## WHAT YOU WILL DO
Take the lines below from the one with "Монитор TFT LCD" through the one with "Peugeot 308 2015 1.6 120 KM" and print only them, exactly. Don't print the pictures.

===== MATERIAL TO PROCESS =====

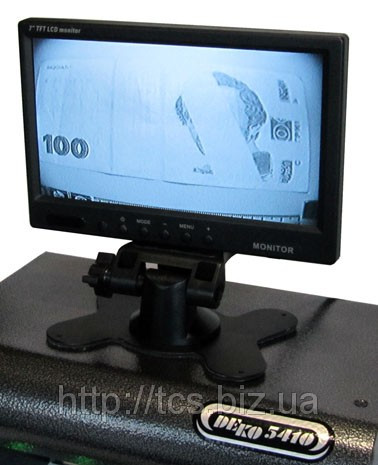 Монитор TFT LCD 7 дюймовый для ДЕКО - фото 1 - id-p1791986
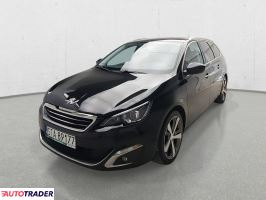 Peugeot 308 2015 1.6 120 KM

=====
===== MATERIAL TO PROCESS =====

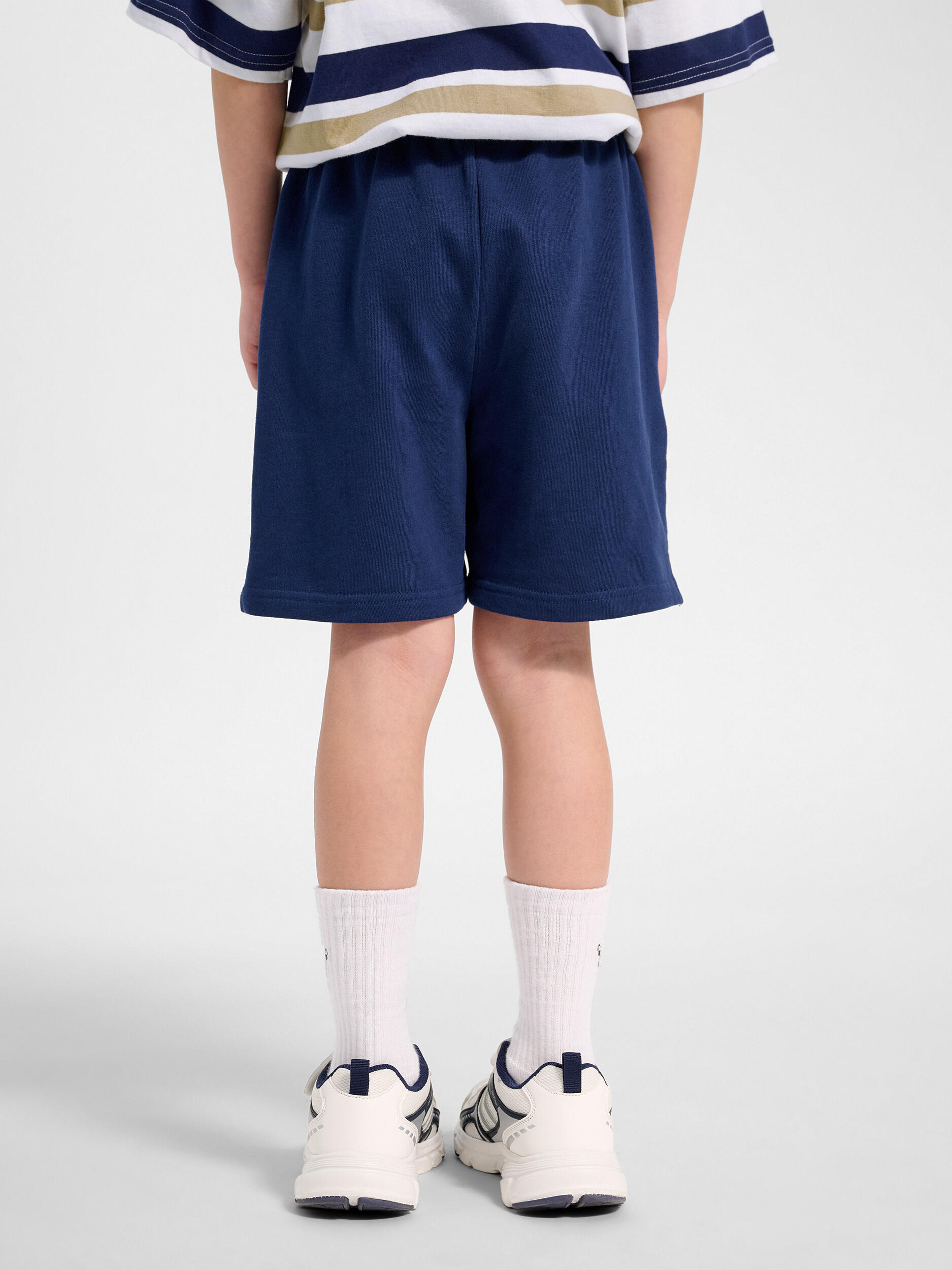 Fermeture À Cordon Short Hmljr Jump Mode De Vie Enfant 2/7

=====

## RESPONSE TO THIS EXERCISE
 Монитор TFT LCD 7 дюймовый для ДЕКО - фото 1 - id-p1791986
 Peugeot 308 2015 1.6 120 KM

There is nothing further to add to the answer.